_What you are asked to do_: In the records below, the relevant part opens with the line containing "Sweat à capuche noir et orange etnies" and closes with the line containing "Nylint Overnight Express"; print that part exactly and only, without its pictures.

*** Block opens ***

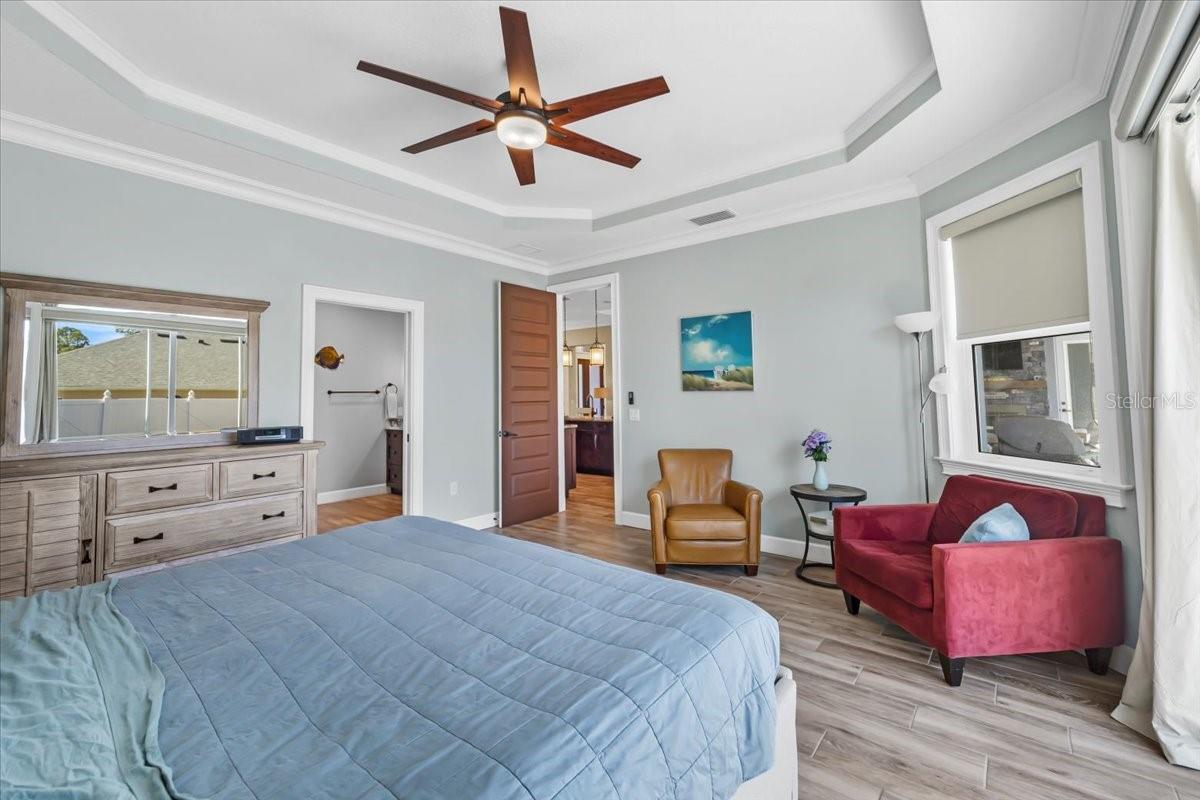 Image 18 of 54 For 84 Lancelot Drive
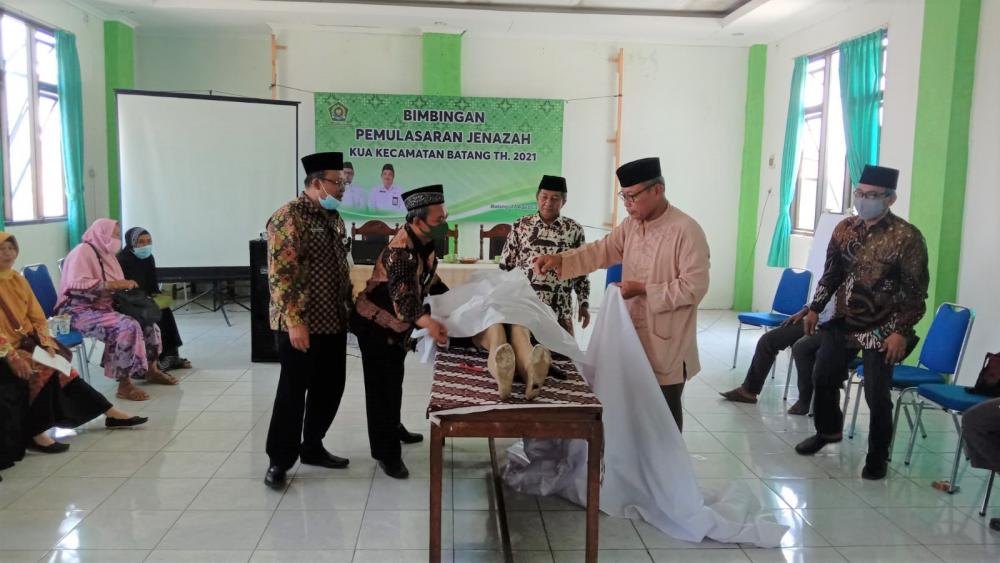 Petugas Instalasi Kamar Mayat Dilatih Pemulasaraan Jenazah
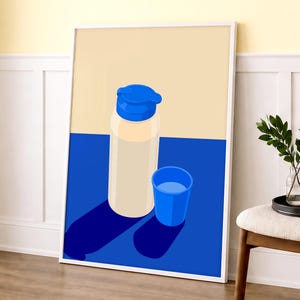 Pode incluir: Uma impressão de arte de parede emoldurada com uma ilustração minimalista de uma garrafa bege com tampa azul e um copo azul a condizer. A obra utiliza um fundo bicolor de bege claro e azul sólido, criando uma composição gráfica limpa.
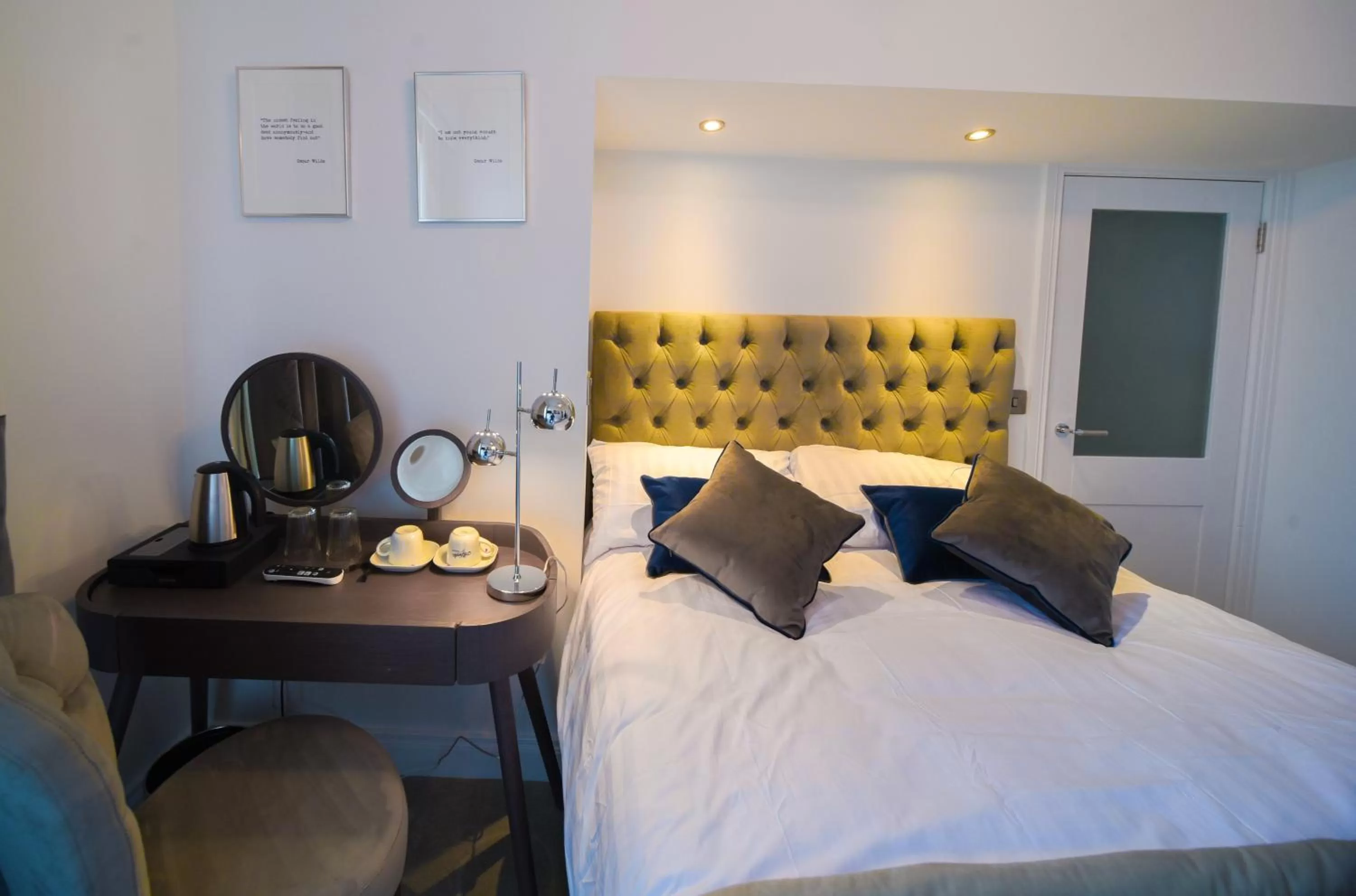 Coffee/tea facilities, Bed in The Strand Hotel, the former residence of Oscar Wilde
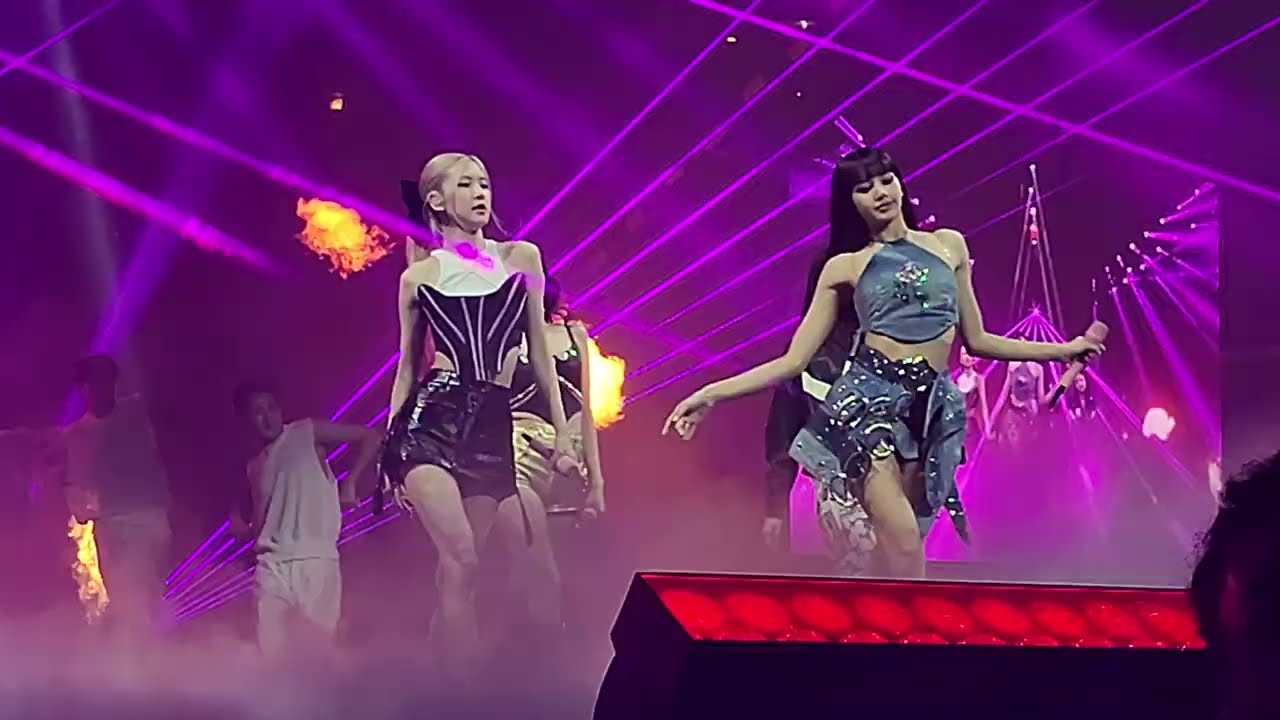 BLACKPINK (블랙핑크) - DDU-DU DDU-DU - Chicago - [4K] 20221110
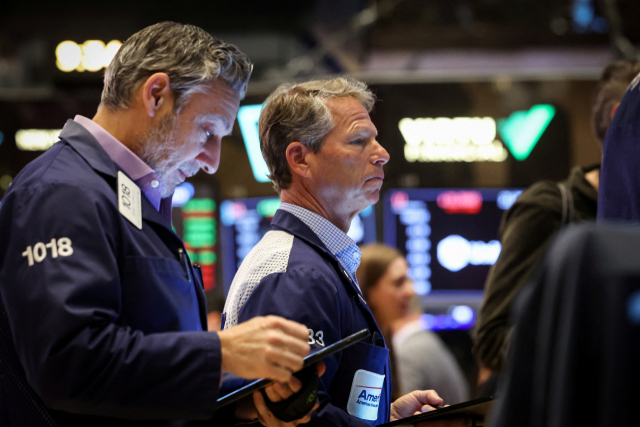 미국 뉴욕 뉴욕증권거래소(NYSE)에서 트레이더들이 업무를 보고 있다. 로이터연합뉴스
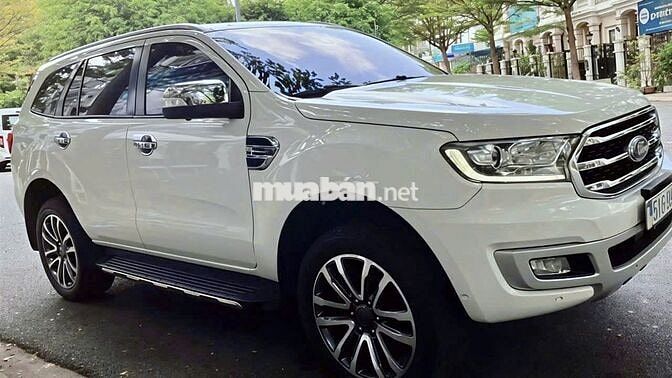 Ford Everest bản Titanium full 2 cầu sx 2019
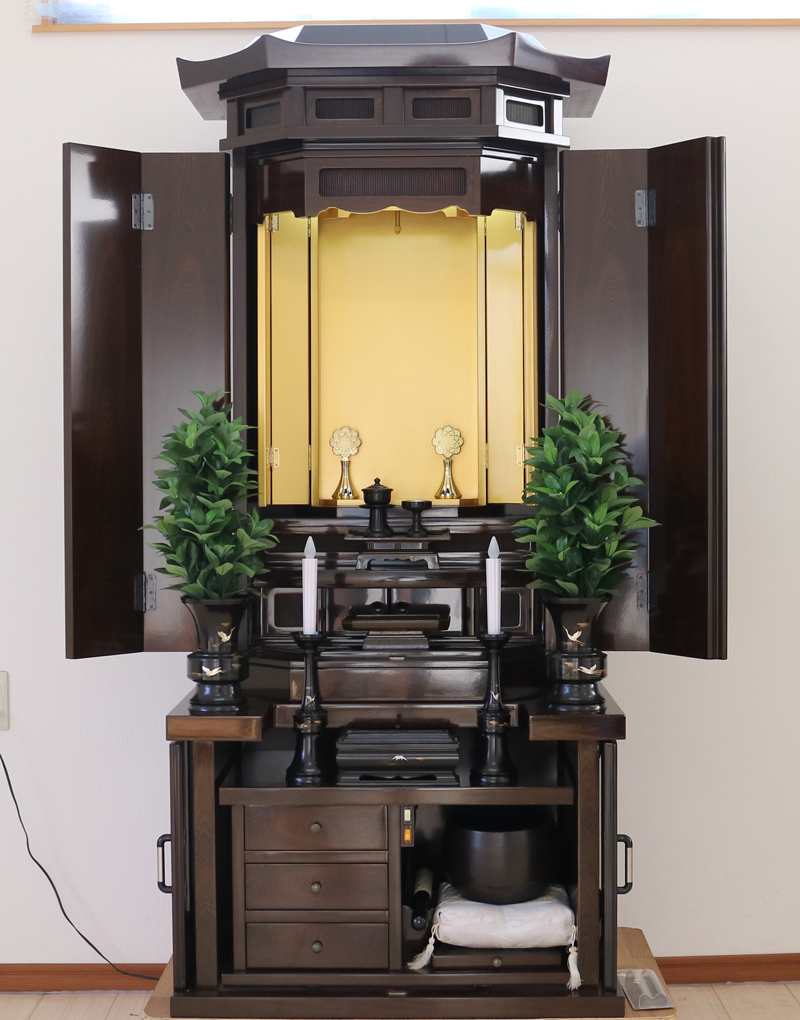 厨子型収納仏壇599です。鉄刀木の艶有塗装のお仏壇です。和室拠点におすすめのお仏壇です。すっきりとした厨子型仏壇で、ご自宅の家具にも馴染むお色となっております。憧れの厨子型仏壇を激安で販売させていただきます　創価学会厨子型仏壇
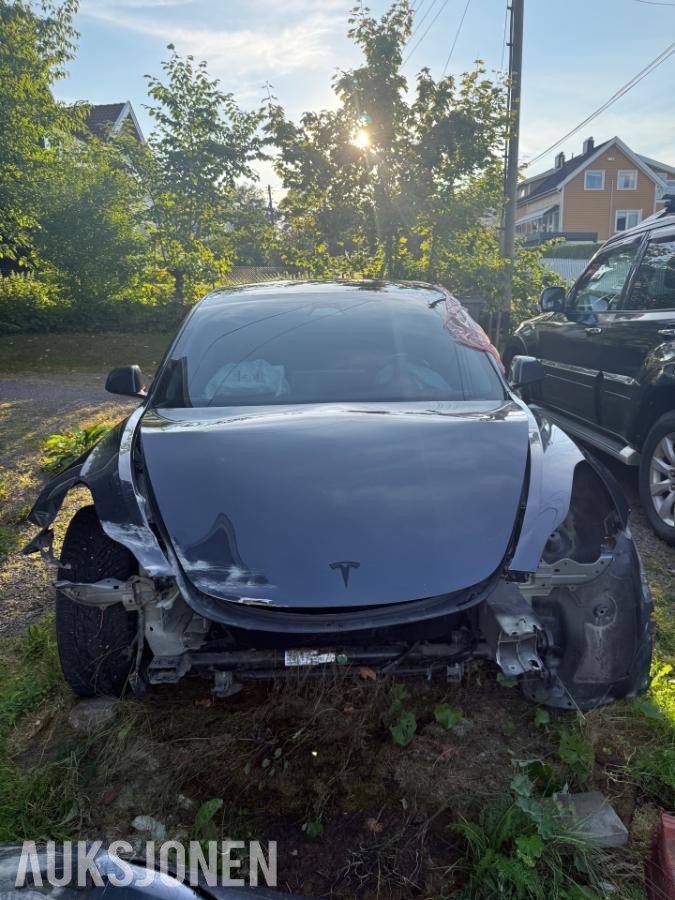 2021 Tesla Model 3 Standard Range Plus RWD Kollisjonsskadet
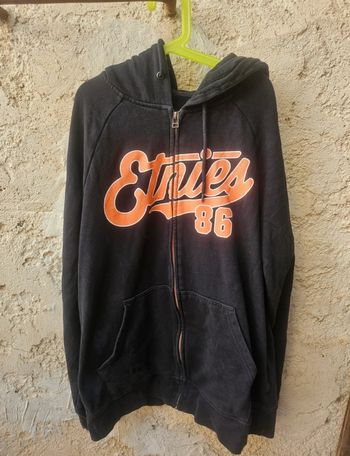 Sweat à capuche noir et orange etnies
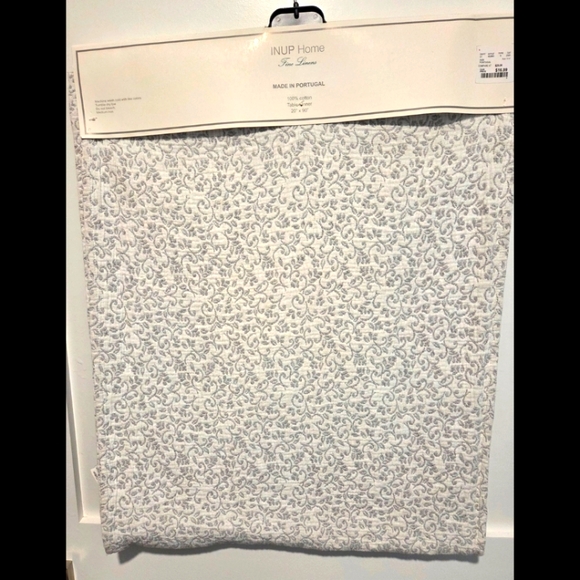 Gray & White Patterned Table Runner - Picture 1 of 3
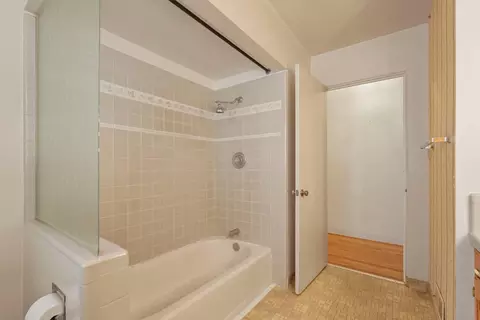 Bath - 16 N Crescent Ave, Lodi, CA 95240 photo 2 of 3
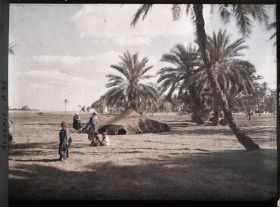 Image représentant Femmes et enfants près d'une tente, à la lisière de l'oasis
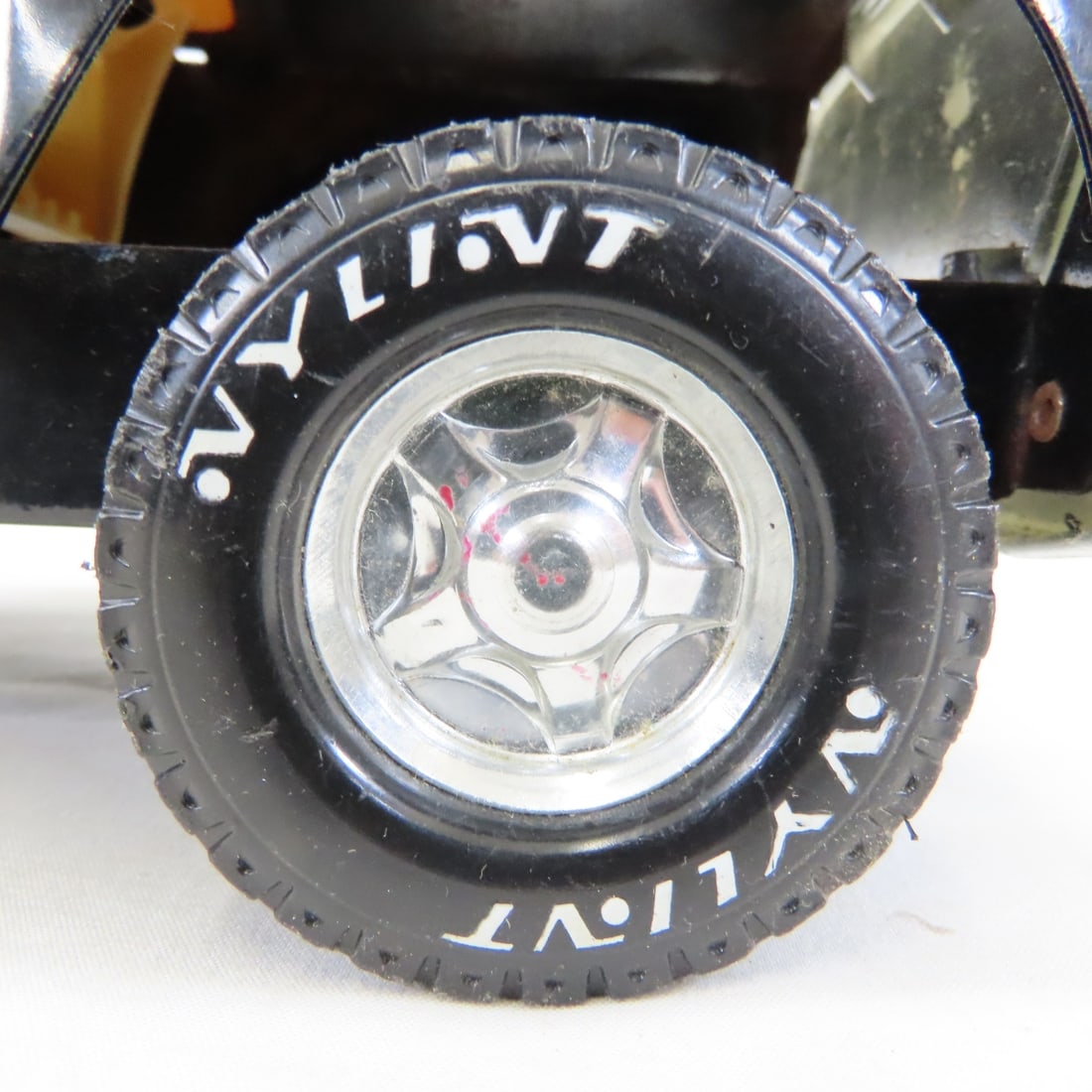 Nylint Overnight Express 1/24 Diecast Semi-Truck - 17
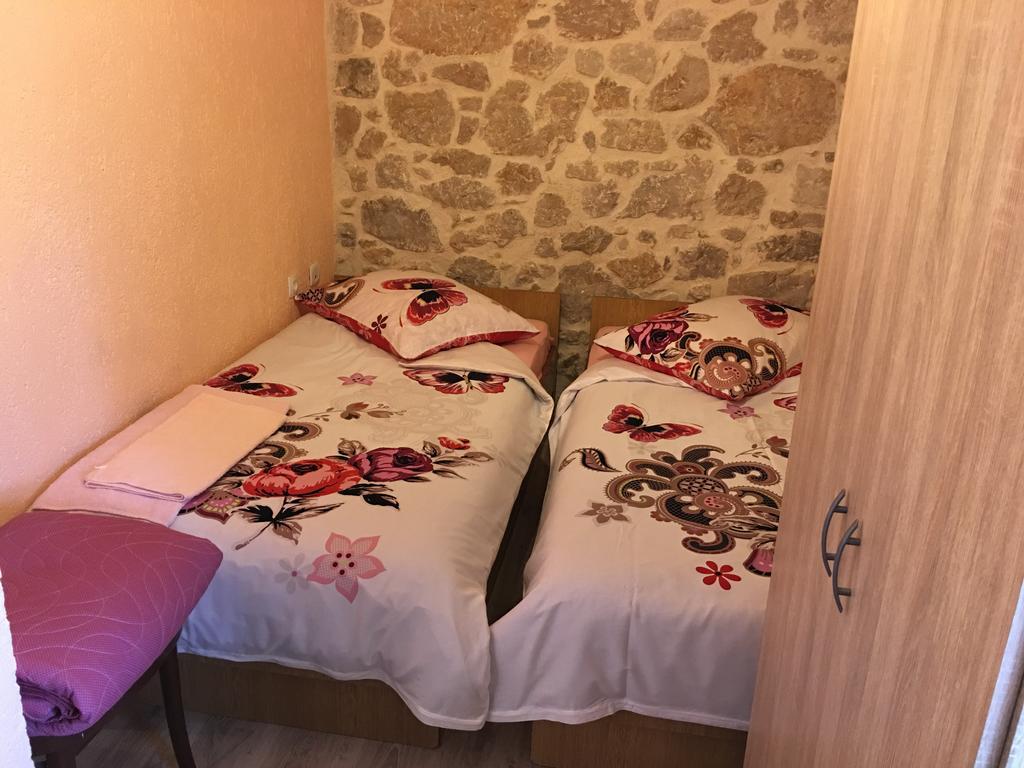 Holiday Home Rasopas مالينسكا المظهر الخارجي الصورة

*** Block closes ***

_Exercise response_:
 Sweat à capuche noir et orange etnies
 Gray & White Patterned Table Runner - Picture 1 of 3
 Bath - 16 N Crescent Ave, Lodi, CA 95240 photo 2 of 3
 Image représentant Femmes et enfants près d'une tente, à la lisière de l'oasis
 Nylint Overnight Express 1/24 Diecast Semi-Truck - 17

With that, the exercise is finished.